[[ Extracted material, beginning ]]

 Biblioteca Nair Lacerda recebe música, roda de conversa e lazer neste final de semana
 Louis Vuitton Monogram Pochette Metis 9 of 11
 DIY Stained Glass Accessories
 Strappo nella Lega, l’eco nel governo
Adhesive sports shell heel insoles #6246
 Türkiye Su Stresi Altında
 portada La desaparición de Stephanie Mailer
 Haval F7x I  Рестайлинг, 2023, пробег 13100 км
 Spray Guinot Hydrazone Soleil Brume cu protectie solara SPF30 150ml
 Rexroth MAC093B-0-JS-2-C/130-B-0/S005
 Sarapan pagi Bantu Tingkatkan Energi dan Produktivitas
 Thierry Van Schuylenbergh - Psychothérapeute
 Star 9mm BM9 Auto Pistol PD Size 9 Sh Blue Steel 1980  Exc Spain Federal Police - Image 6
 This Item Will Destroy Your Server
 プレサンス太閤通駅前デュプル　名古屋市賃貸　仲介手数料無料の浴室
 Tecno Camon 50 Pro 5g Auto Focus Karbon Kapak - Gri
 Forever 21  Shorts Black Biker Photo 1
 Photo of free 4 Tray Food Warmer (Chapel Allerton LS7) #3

[[ Extracted material, end ]]
[[ Extracted material, beginning ]]

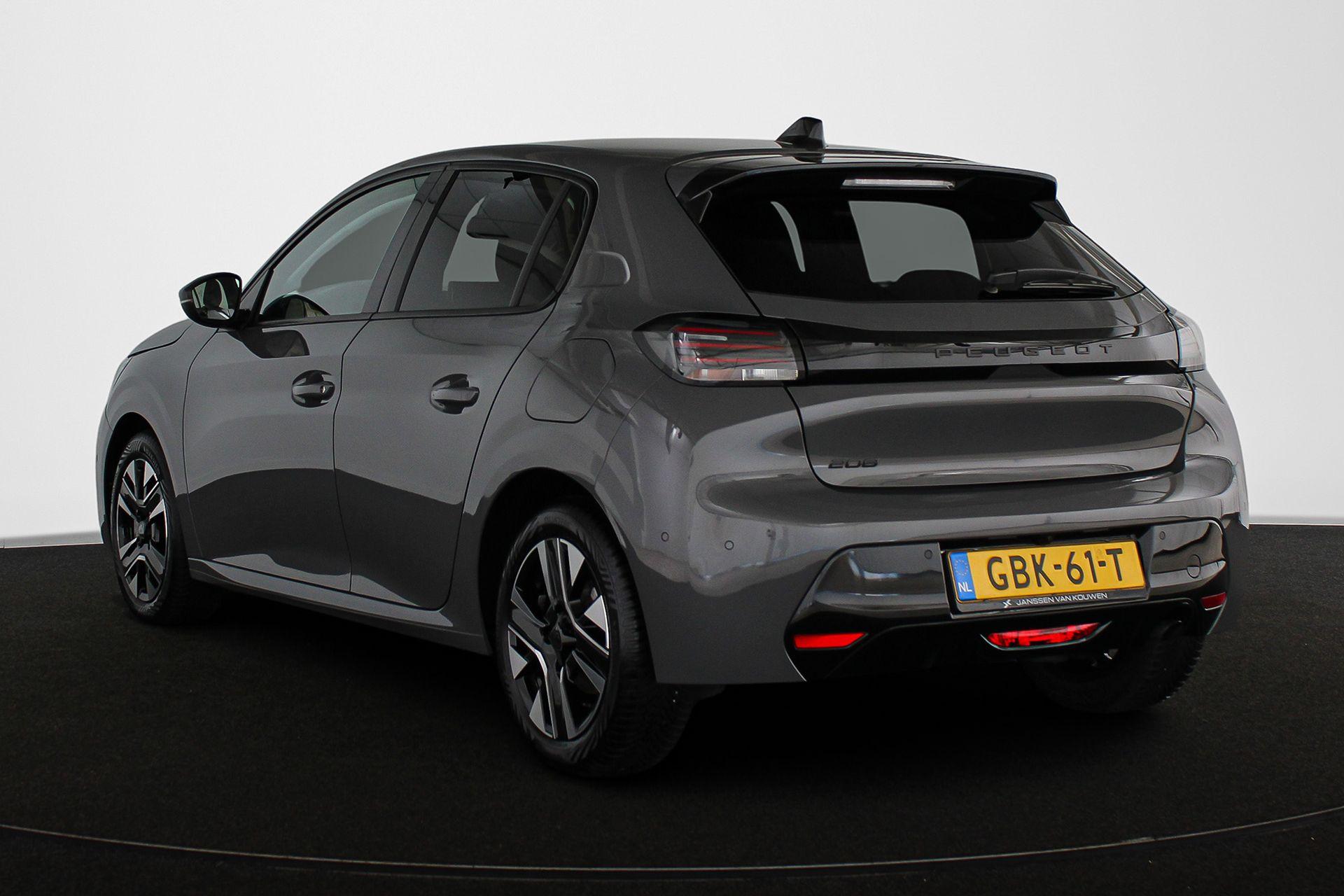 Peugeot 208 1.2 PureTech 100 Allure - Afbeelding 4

[[ Extracted material, end ]]

* _Exercise details_
Give back one number only: the count of lines in the entries that hold the string "Photo".

* _Result for this task_
2